Melanie Schmeida is Client Service Leader at Louis Perry Group, a CDM Smith Company.

Power from the Prairie is a proposed 4,000 Megawatt HVDC transmission project in the wind-rich energy resource of the Upper Midwest.

The Northern Prairie region of the United States (i.e., Wyoming, Nebraska, the Dakotas, etc.) has an abundance of wind and wide-open spaces that could be used to develop large, wind-powered electricity generation resources. The opportunity is daily, bi-directional renewable energy swaps between California, the Northern Prairie, Chicago and points East.

Past studies by the Midcontinent Independent System Operator (MISO) have shown that a national high-voltage direct current (HVDC) power transmission grid could significantly improve the capability of wind to reliably and economically supply power to load. But the practical hurdles to developing a suitable nationwide power grid all-at-once are a barrier to such a solution. However, it may be possible to initially achieve such economies and reliable production at a more focused, regional scale, as building blocks toward an eventual nationwide system. Such regional scale must have an abundance of wind (and potentially solar energy too), access to significant markets for such electricity, and the capability to add large-scale, grid-level energy storage where available and cost-effective.

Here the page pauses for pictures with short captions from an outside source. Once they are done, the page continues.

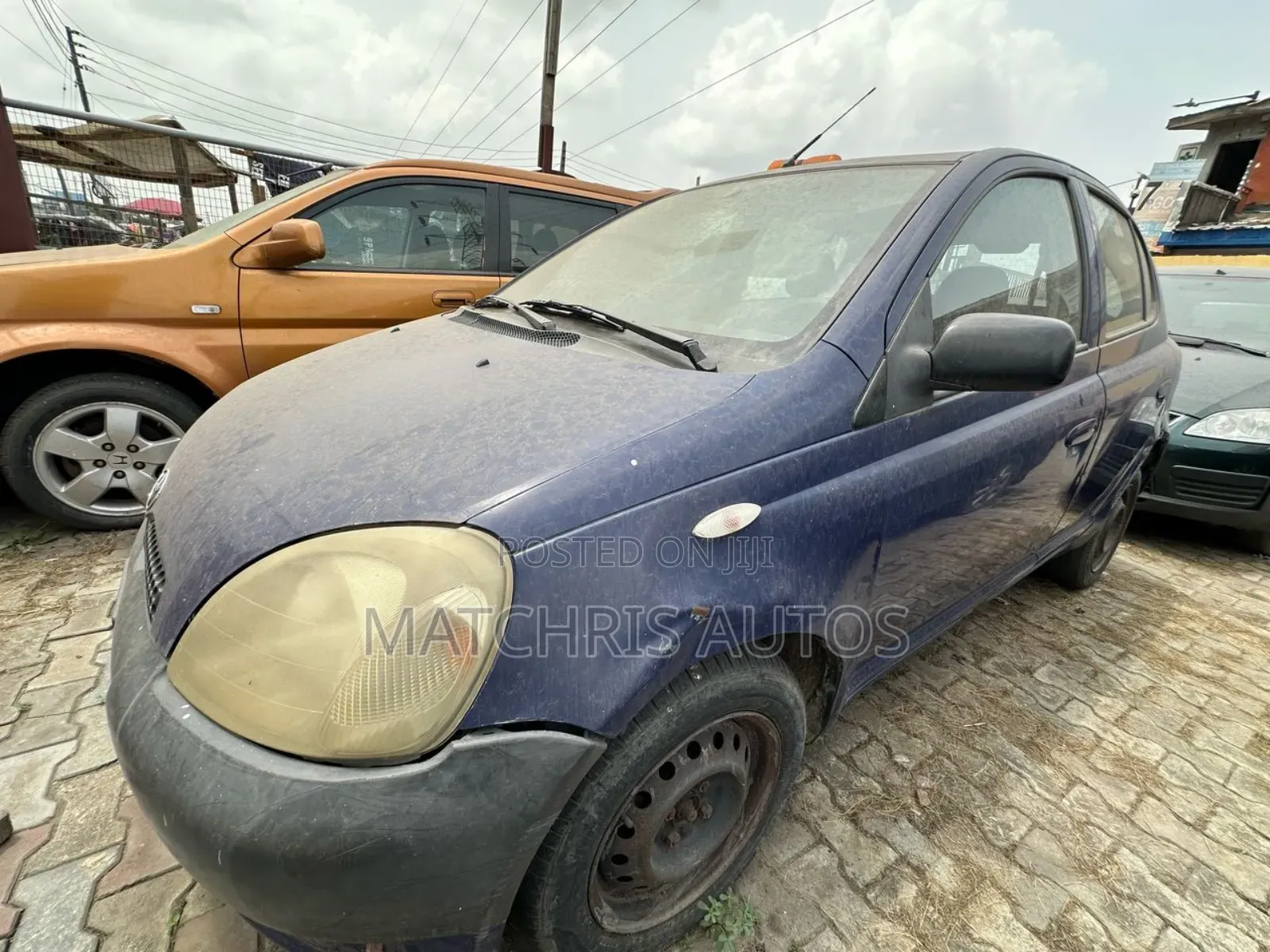Toyota Yaris 1.8 TS Liftback 2007 Silver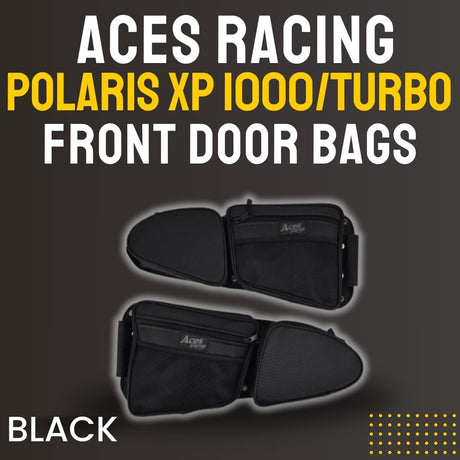 Polaris RZR 1000/Turbo Front Door Bags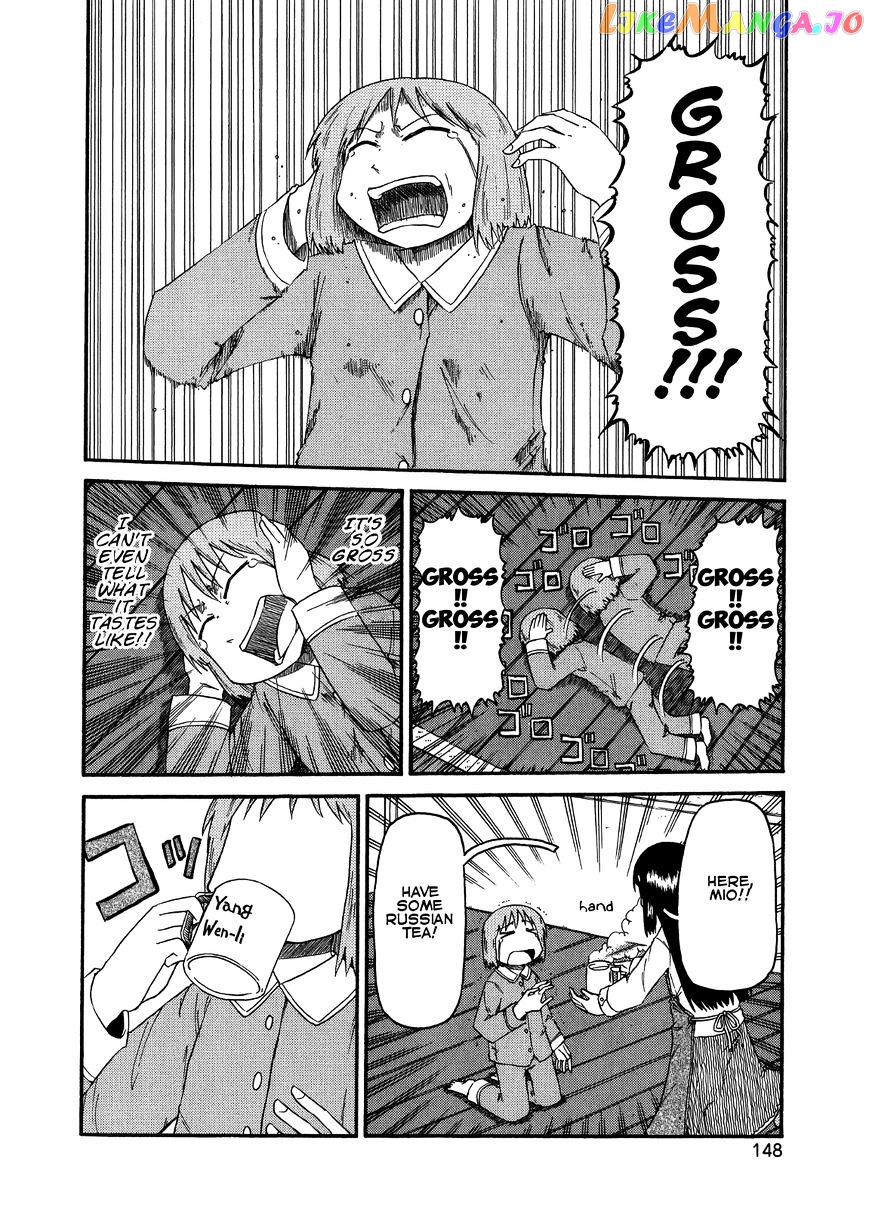 Nichijou - Manga chapter 86 - page 2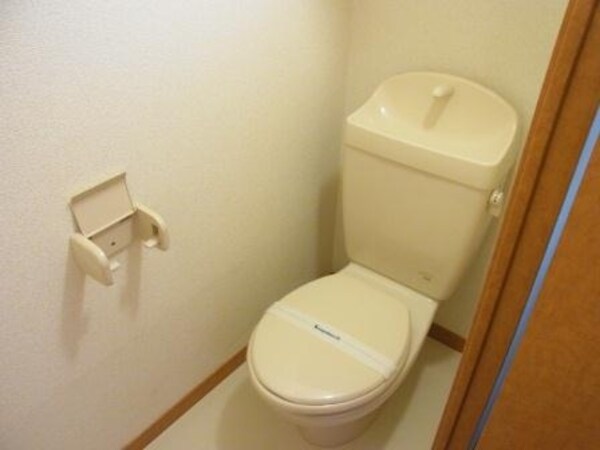 その他(綺麗なトイレです)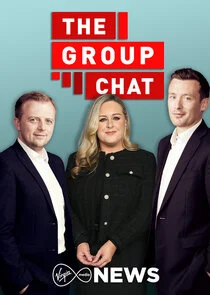 Poster di The Group Chat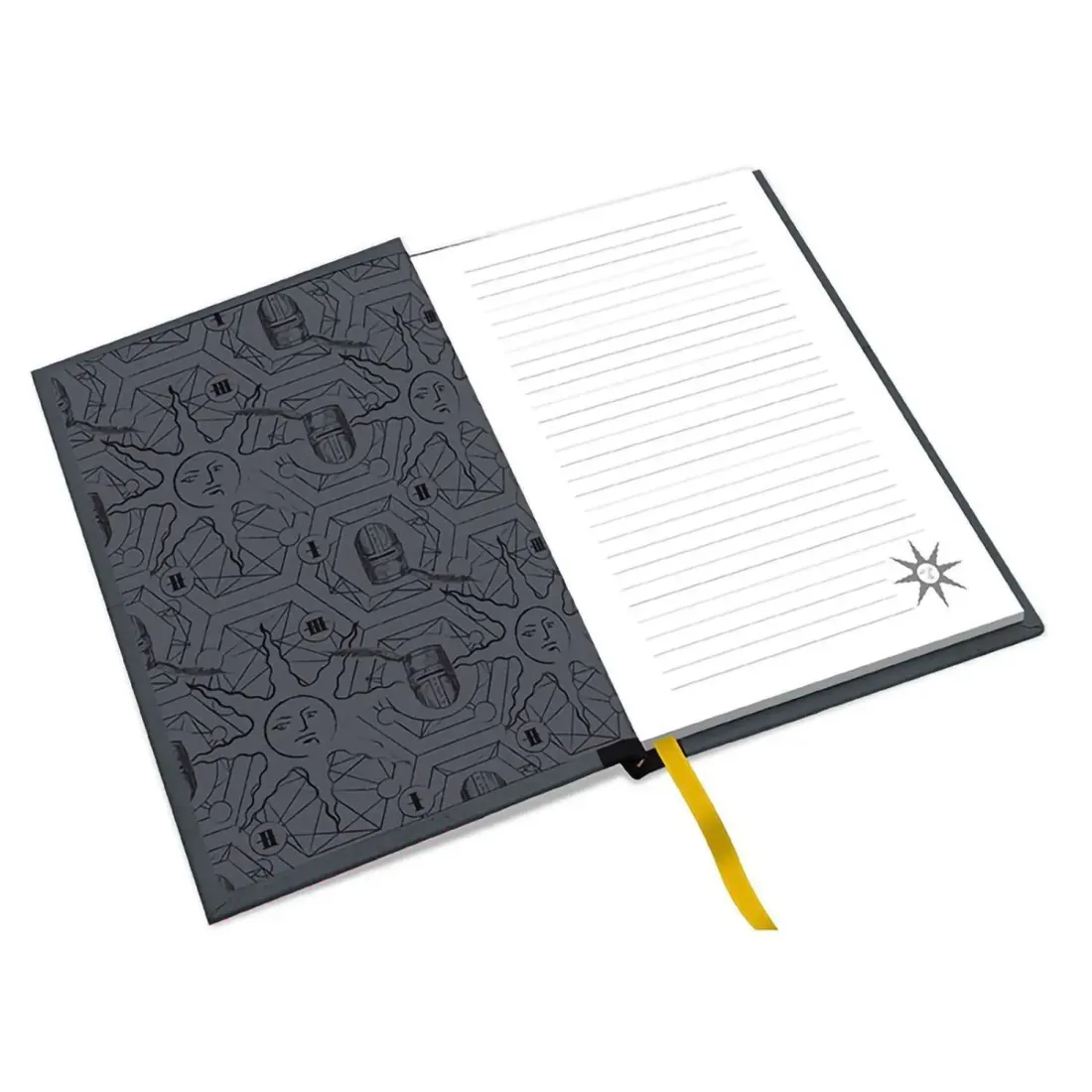 Записная книжка Dark Souls Notebook A5 Praise the Sun X4 ABYNOT129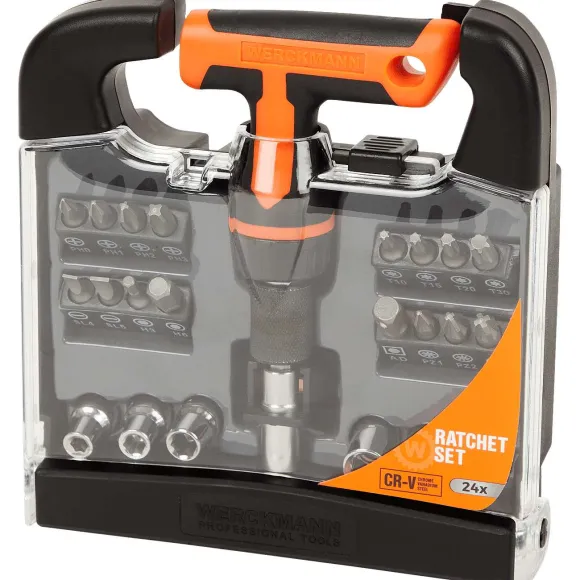 Werckmann Ratelset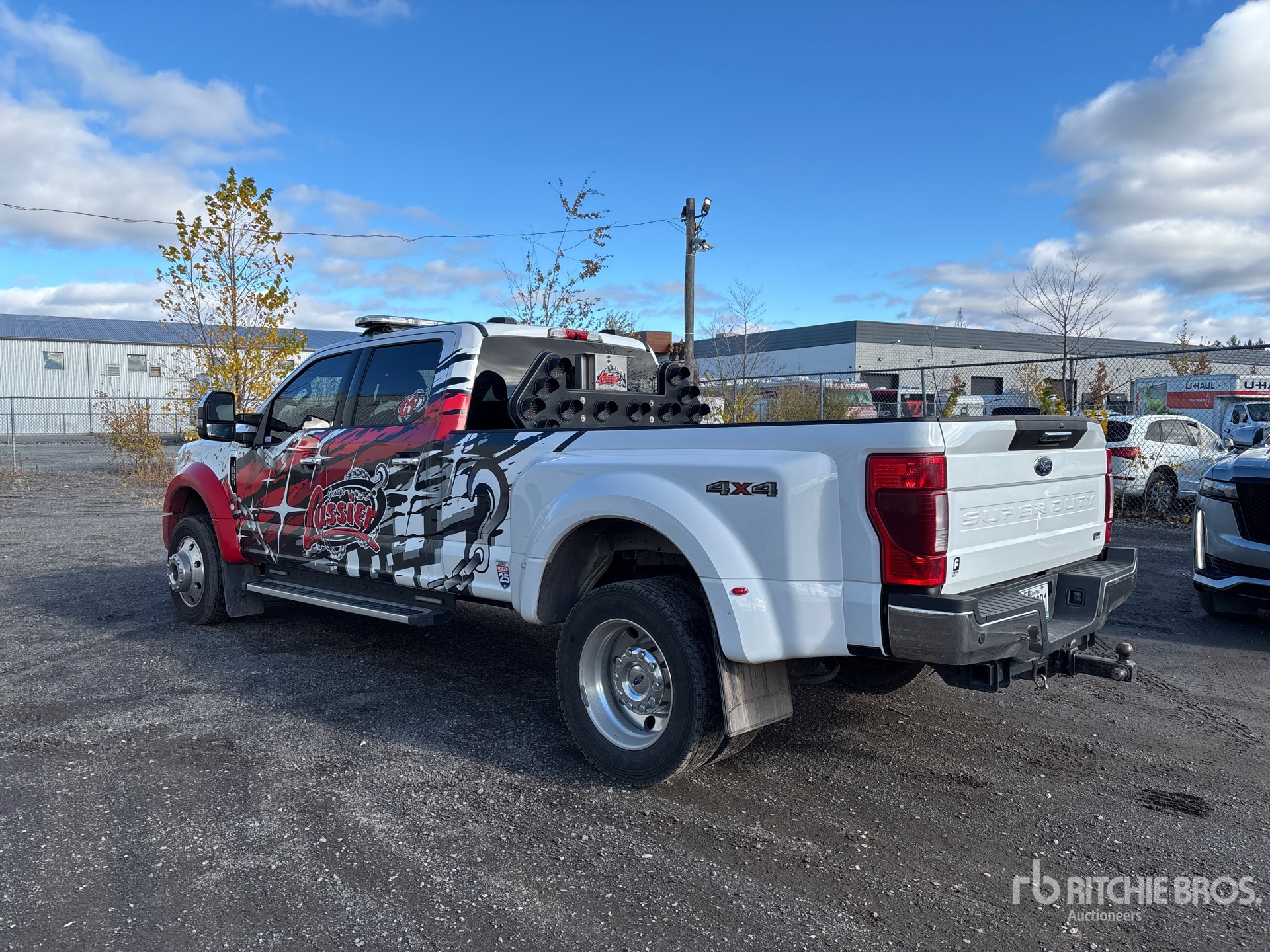 General Appearance with 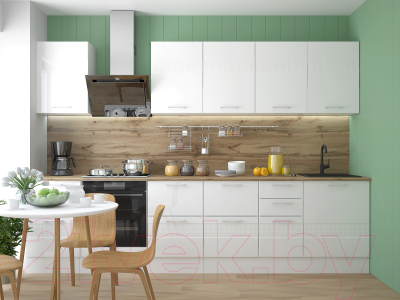 Шкаф-стол кухонный Горизонт Мебель Люкс 60 2 ящика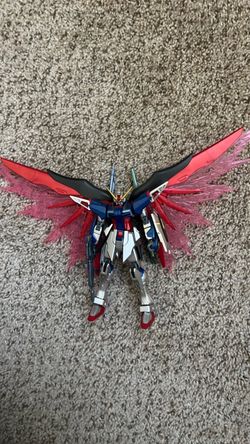 HG Destiny Gundam (Special Fininish) Gundam base limited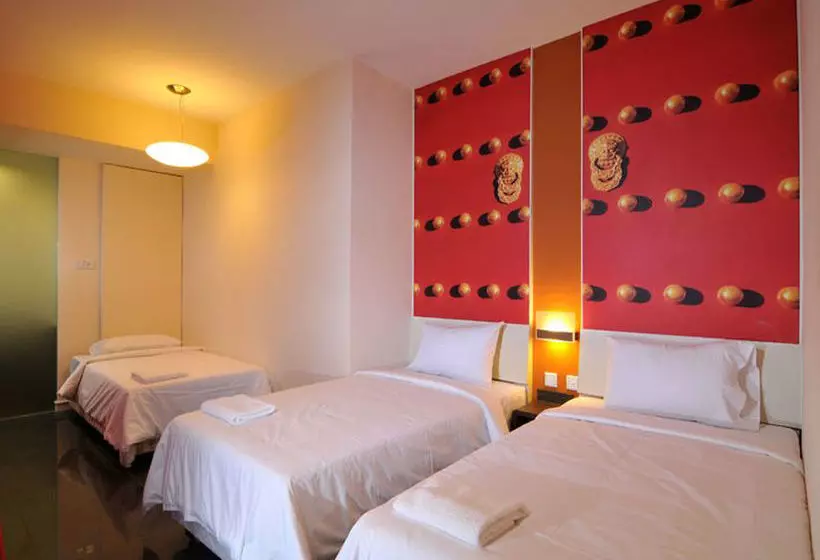 Fotos del hotel Chinatown Boutique:  18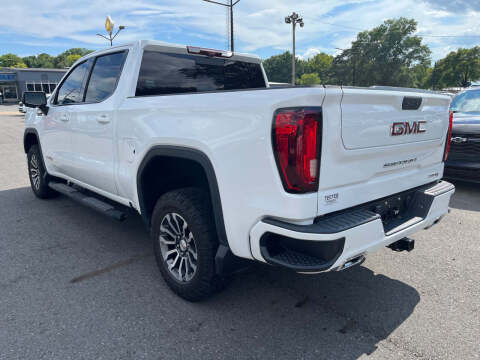 2021 GMC Sierra 1500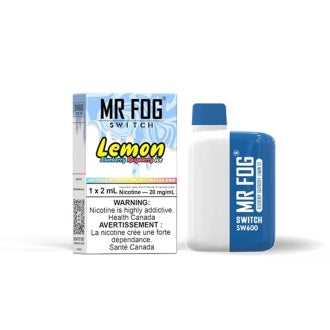 Mr. Fog Switch SW600 - AB
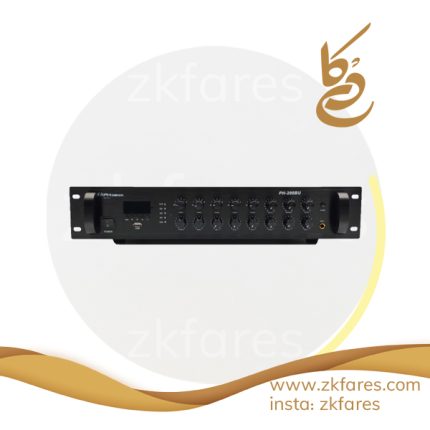 آمپلی فایر ولتی فونیکس Phoenix-200BU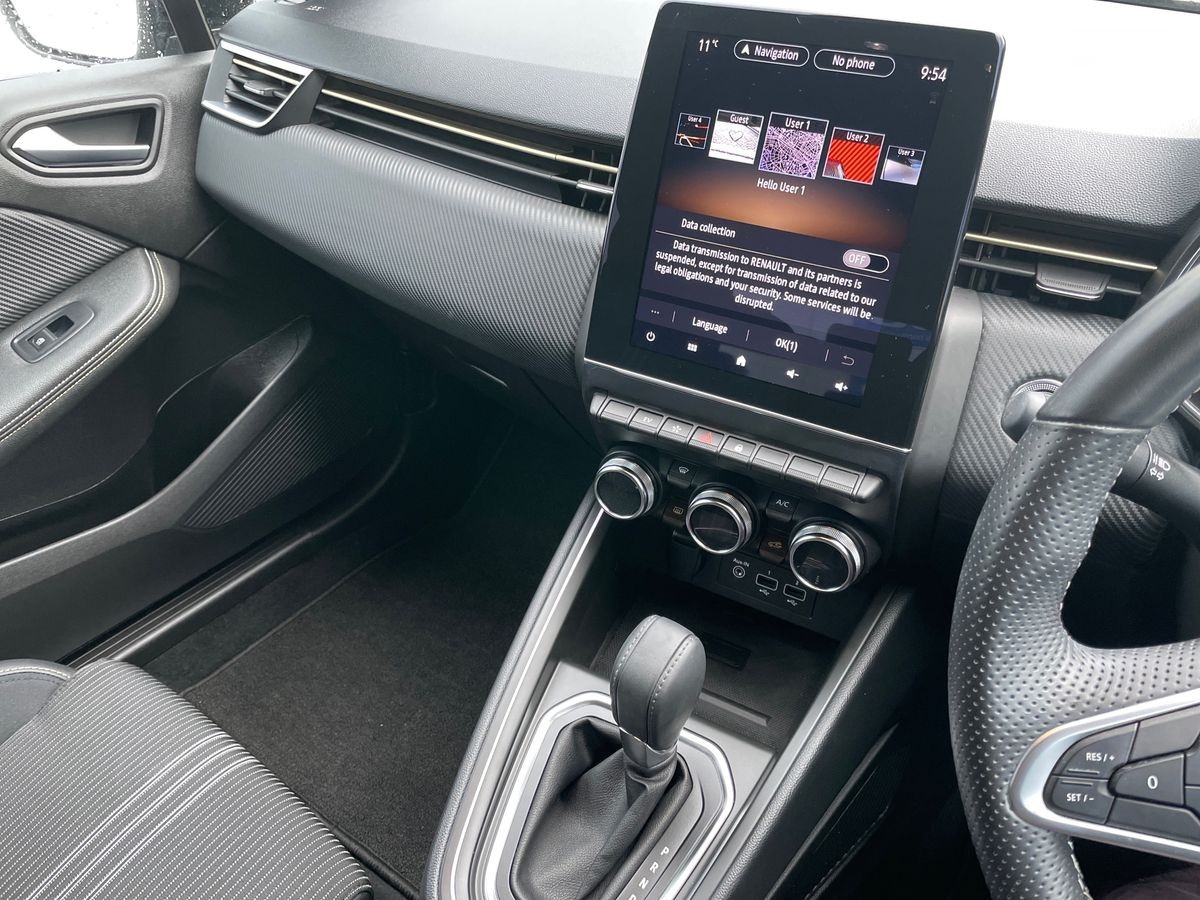 Used Renault Clio 2023 for sale - 75988261: Photo 11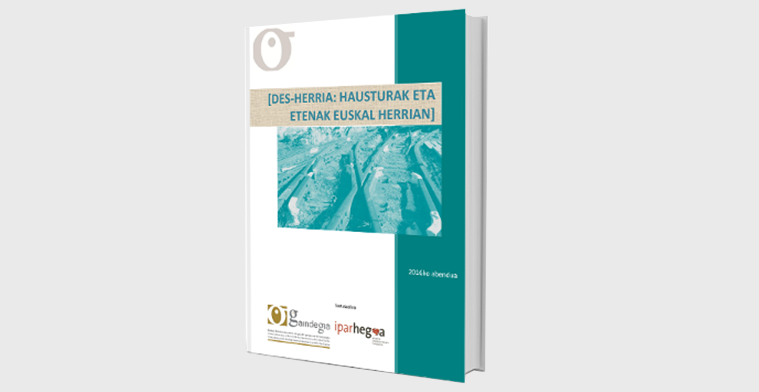 Des-herria: hausturak eta etenak Euskal Herrian 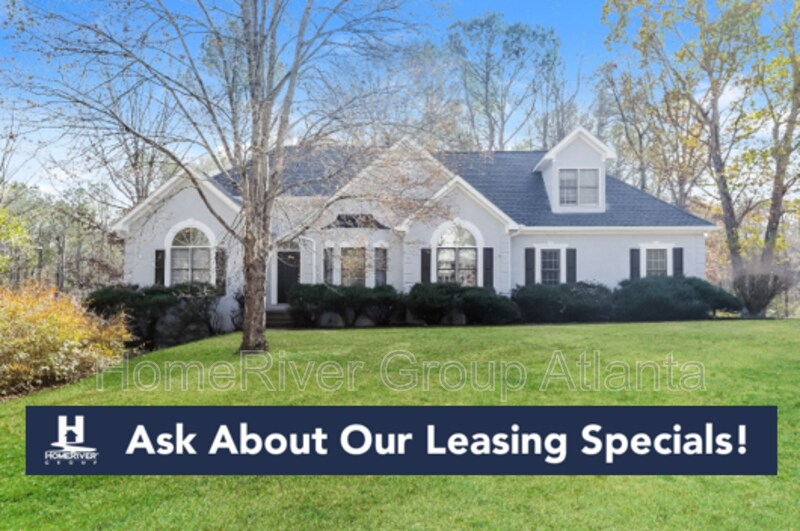 60 Barrington Ridge Ct, Sharpsburg, GA 30277 House Rental in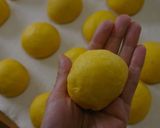 カボチャのちぎりパン作り方17写真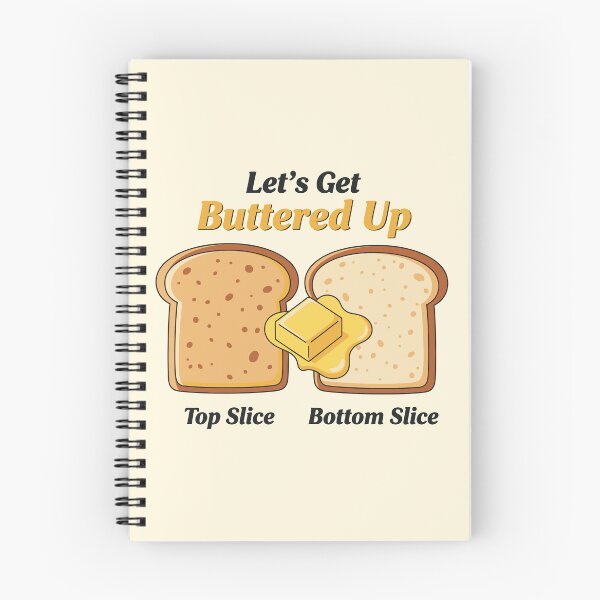 Item preview, Buttered Up designed and sold by Amir Faysal.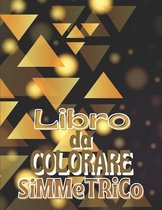 Libro Da Colorare Simmetrico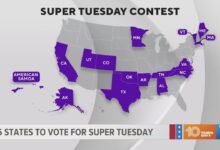 Michigan primary super tuesday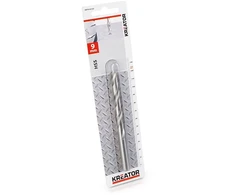 HSS grąžtas metalui 9x125mm Kreator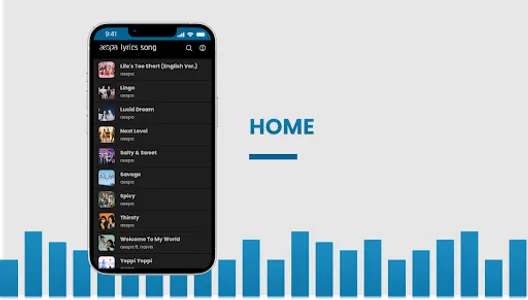 aespa Lyrics & Song screenshot 9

Such development could also be used to enable the State of California to achieve its planned high levels of Renewable Portfolio Standard (50 percent or more) by building sufficient renewables in-state. When California inevitably over-generates from its solar photovoltaic installations during the solar day, it could export the over-production to other states over the network, and then import a previously-contracted “swap” of renewable energy back from other states when the sun sets.

The Power from the Prairie Project

Power from the Prairie is a proposed 4,000 Megawatt HVDC transmission project in the wind-rich energy resource of the Upper Midwest (Figure 1). The new line would extend from Southeast Wyoming across Nebraska or South Dakota to Northwest Iowa or Sioux Falls or Omaha. It would feature a DC/AC/DC terminal in the middle to enable interconnection of large quantities (thousands of MW) of additional renewable energy in Nebraska and South Dakota currently blockaded and unavailable due to lack of transmission for access to markets. The effort may also include grid-level energy storage, if found to provide material benefits in addition to the HVDC line itself.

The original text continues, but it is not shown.